There are opportunities to contribute to Tokio at any level. It doesn't matter if you are just getting started with Rust or are the most weathered expert, we can use your help.

No contribution is too small and all contributions are valued.

This guide will help you get started. Do not let this guide intimidate you. It should be considered a map to help you navigate the process.

You may also get help with contributing in the dev channel, please join us!

Conduct

The Tokio project adheres to the Rust Code of Conduct. This describes the minimum behavior expected from all contributors.

Contributing in Issues

For any issue, there are fundamentally three ways an individual can contribute:

  1. By opening the issue for discussion: For instance, if you believe that you have uncovered a bug in Tokio, creating a new issue in the tokio-rs/tokio issue tracker is the way to report it.

  2. By helping to triage the issue: This can be done by providing supporting details (a test case that demonstrates a bug), providing suggestions on how to address the issue, or ensuring that the issue is tagged correctly.

  3. By helping to resolve the issue: Typically this is done either in the form of demonstrating that the issue reported is not a problem after all, or more often, by opening a Pull Request that changes some bit of something in Tokio in a concrete and reviewable manner.

Anybody can participate in any stage of contribution. We urge you to participate in the discussion around bugs and participate in reviewing PRs.

Asking for General Help

If you have reviewed existing documentation and still have questions or are having problems, you can open an issue asking for help.

In exchange for receiving help, we ask that you contribute back a documentation PR that helps others avoid the problems that you encountered.

Submitting a Bug Report

When opening a new issue in the Tokio issue tracker, users will be presented with a basic template that should be filled in. If you believe that you have uncovered a bug, please fill out this form, following the template to the best of your ability. Do not worry if you cannot answer every detail, just fill in what you can.

The two most important pieces of information we need in order to properly evaluate the report is a description of the behavior you are seeing and a simple test case we can use to recreate the problem on our own. If we cannot recreate the issue, it becomes impossible for us to fix.

In order to rule out the possibility of bugs introduced by userland code, test cases should be limited, as much as possible, to using only Tokio APIs.

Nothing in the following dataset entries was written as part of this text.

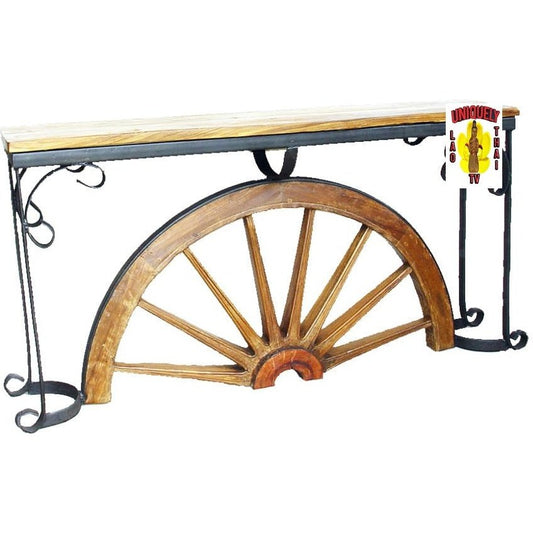 Wagon Wheel Sofa Table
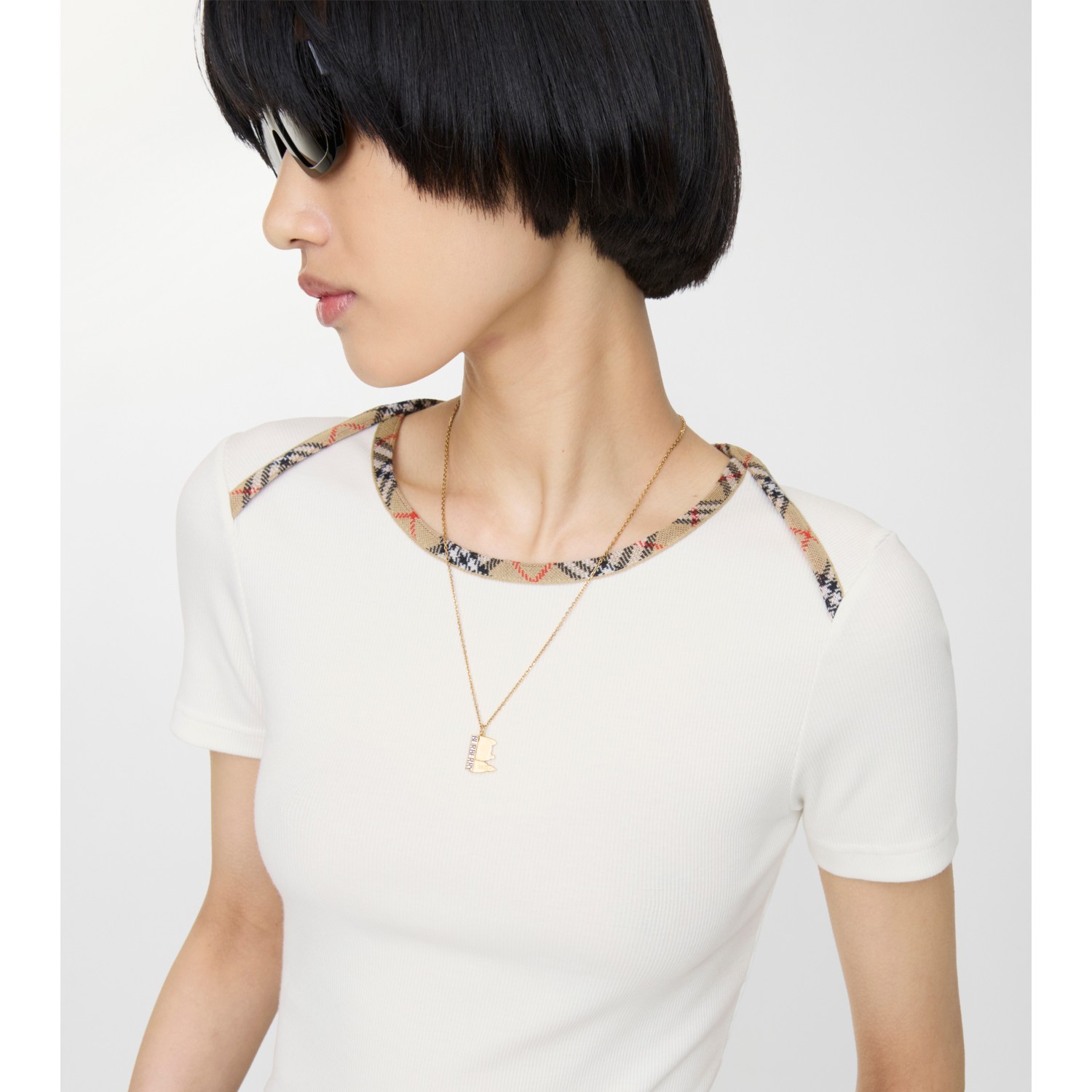 Check Trim Stretch Cotton T-shirt - thumbnail 7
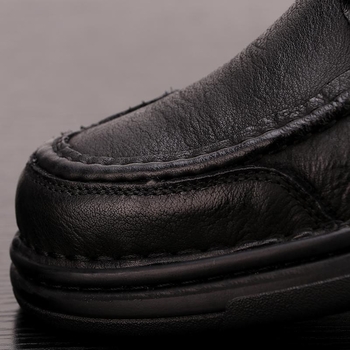 Φθινοπωρινά ανδρικά παπούτσια από γνήσιο δέρμα με μαλακή σόλα, βρετανικά, ευέλικτα, casual δερμάτινα παπούτσια, αναπνεύσιμα, αντιολισθητικά και δετά παπούτσια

See How to create a Minimal, Complete, and Verifiable example.

Triaging a Bug Report

Once an issue has been opened, it is not uncommon for there to be discussion around it. Some contributors may have differing opinions about the issue, including whether the behavior being seen is a bug or a feature. This discussion is part of the process and should be kept focused, helpful, and professional.

Short, clipped responses—that provide neither additional context nor supporting detail—are not helpful or professional. To many, such responses are simply annoying and unfriendly.

Contributors are encouraged to help one another make forward progress as much as possible, empowering one another to solve issues collaboratively. If you choose to comment on an issue that you feel either is not a problem that needs to be fixed, or if you encounter information in an issue that you feel is incorrect, explain why you feel that way with additional supporting context, and be willing to be convinced that you may be wrong. By doing so, we can often reach the correct outcome much faster.

Resolving a Bug Report

In the majority of cases, issues are resolved by opening a Pull Request. The process for opening and reviewing a Pull Request is similar to that of opening and triaging issues, but carries with it a necessary review and approval workflow that ensures that the proposed changes meet the minimal quality and functional guidelines of the Tokio project.

Pull Requests

Pull Requests are the way concrete changes are made to the code, documentation, and dependencies in the Tokio repository.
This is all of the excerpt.